My first attempt uses two passes; the first transforms file1
into a sed script that is used in the second pass to filter file2
.
sed 's/\([^ \t]*\).*/\/^\1\t\/p;t/' file1 > sed1
sed -nf sed1 file2 > out2
With big input files, this is s-l-o-w; for each line from file2
, sed has to process an amount of patterns that equals the number of lines in file1
. I haven't done any profiling, but I wouldn't be surprised if the time complexity is quadratic.
My second attempt merges and sorts the two files, then scans through all lines in search of pairs. This runs in linear time and consequently is a lot faster. Please note that this solution will ruin the original order of the file; alphabetical sorting doesn't work too well with this date notation. Supplying files with a different date format (y-m-d) would be the easiest way to fix that.
sed 's/^[^ \t]\+/&@1/' file1 > marked1
sed 's/^[^ \t]\+/&@2/' file2 > marked2
sort marked1 marked2 > sorted
sed '$d;N;/^\([^ \t]\+\)@1.*\n\1@2/{s/\(.*\)\n\(.*\)/\2\n\1/;P};D' sorted > filtered
sed 's/^\([^ \t]\+\)@2/\1/' filtered > out2
Explanation:
- In the first command,
s/^[^ \t]\+/&@1/
appends @1
to every date. This makes it possible to merge the files, keep equal dates together when sorting, and still be able to tell lines from different files apart.
- The second command does the same for
file2
; obviously with its own marker @2
.
- The
sort
command merges the two files, grouping equal dates together.

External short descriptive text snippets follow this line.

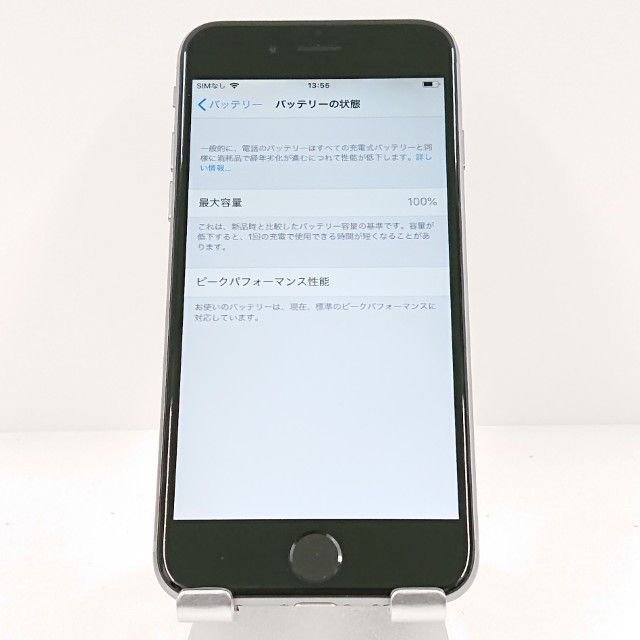 iPhone6 32GB SIM�ե꡼ ���ڡ������쥤 c18155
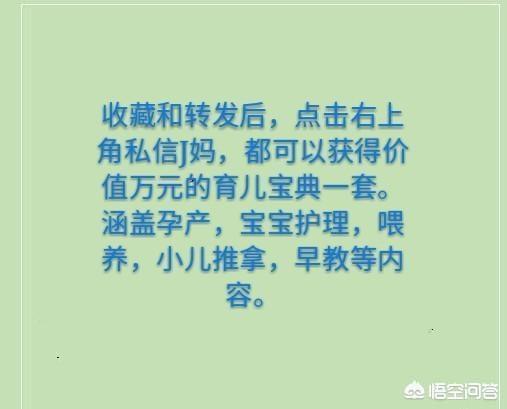 有人说越早会笑的婴儿越聪明，是真的吗？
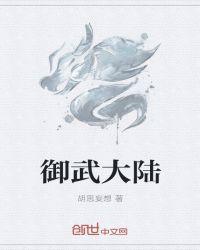 御武成圣百度百科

- The third sed command returns all lines from
file2
that have a date that also occurs in file1
.
- The fourth sed command removes the
@2
marker from the output.
The third sed command in detail:
$d
suppresses inappropriate printing of the last line
N
reads and appends another line of input to the line already present in the pattern space
/^\([^ \t]\+\)@1.*\n\1@2/
matches two lines originating from different files but with the same date
{
starts a command group
s/\(.*\)\n\(.*\)/\2\n\1/
swaps the two lines in the pattern space
P
prints the first line in the pattern space
}
ends the command group
D
deletes the first line from the pattern space
The bad news is, even the second approach is slower than the awk approach made by @John1024. Sed was never designed to be a merge tool. Neither was awk, but awk has the advantage of being able to store an entire file in a dictionary, making @John1024's solution blazingly fast. The downside of a dictionary is memory consumption. On huge input files, my solution should have the advantage.